Can’t make a bottom of shiplapped boards? Consider a nailed-on plywood bottom.
Don’t want to dovetail the skirts and dust seal around the carcase? Use simple miters instead – just make sure to spline or nail them to give them extra strength.
How about the chest’s top? What if you don’t have the tools or skills to make a frame-and-panel top? Again, plywood can be your friend – or use one of the ready-made pine panels and apply a smaller panel on the top to make it look like a frame-and-panel top. This applied “raised panel” is not just decoration – it adds thickness and strength.
How about those sliding trays inside? Nail them together if you cannot use dovetails. Just be smart about it – angle the nails like the slope of dovetail joints and nail through the ends of the trays and into the fronts to add strength.

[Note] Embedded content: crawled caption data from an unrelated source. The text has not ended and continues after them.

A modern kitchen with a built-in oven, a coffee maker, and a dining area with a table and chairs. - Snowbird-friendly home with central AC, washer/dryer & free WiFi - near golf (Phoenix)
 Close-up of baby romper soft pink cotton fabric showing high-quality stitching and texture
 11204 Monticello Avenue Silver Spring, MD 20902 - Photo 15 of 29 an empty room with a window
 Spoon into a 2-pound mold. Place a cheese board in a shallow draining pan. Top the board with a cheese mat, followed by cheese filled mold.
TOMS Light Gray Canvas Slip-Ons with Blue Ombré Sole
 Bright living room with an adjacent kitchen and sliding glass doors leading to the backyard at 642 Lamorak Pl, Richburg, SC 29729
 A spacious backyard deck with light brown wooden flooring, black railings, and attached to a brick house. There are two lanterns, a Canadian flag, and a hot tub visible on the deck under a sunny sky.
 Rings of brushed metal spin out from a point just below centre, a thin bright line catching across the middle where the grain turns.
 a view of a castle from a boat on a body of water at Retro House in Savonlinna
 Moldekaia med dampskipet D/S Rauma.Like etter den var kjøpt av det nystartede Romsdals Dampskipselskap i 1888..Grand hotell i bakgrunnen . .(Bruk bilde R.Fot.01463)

There are lots of other shortcuts you can take. Use strap hinges or a piano hinge, which are easier to install. Use an external hasp instead of a half-mortise lock. Reinforce the corners of your chest with iron or steel plates – I see those all the time on old chests. These can look very cool.
In other words, disobey me.
In “The Anarchist’s Tool Chest” I made a case for using the best joinery, materials and hardware available to build your chest. For some woodworkers, that might not be dovetails, clear Eastern white pine and Horton brasses. It might be nails, plywood and Hillman fasteners. So be it. Do the best job that you can with the skills that you have, and you’ll do fine.
You might want to upgrade your tool chest in 10 years once you have the skills to dovetail Jell-O. Or perhaps your chest will be sturdy and meet all your needs. Either way, you win.
— Christopher Schwarz
P.S. The photos in this post are of a chest made by Mike Russo, who had to put one together in a weekend for an upcoming move. Thanks Mike for the inspiring work.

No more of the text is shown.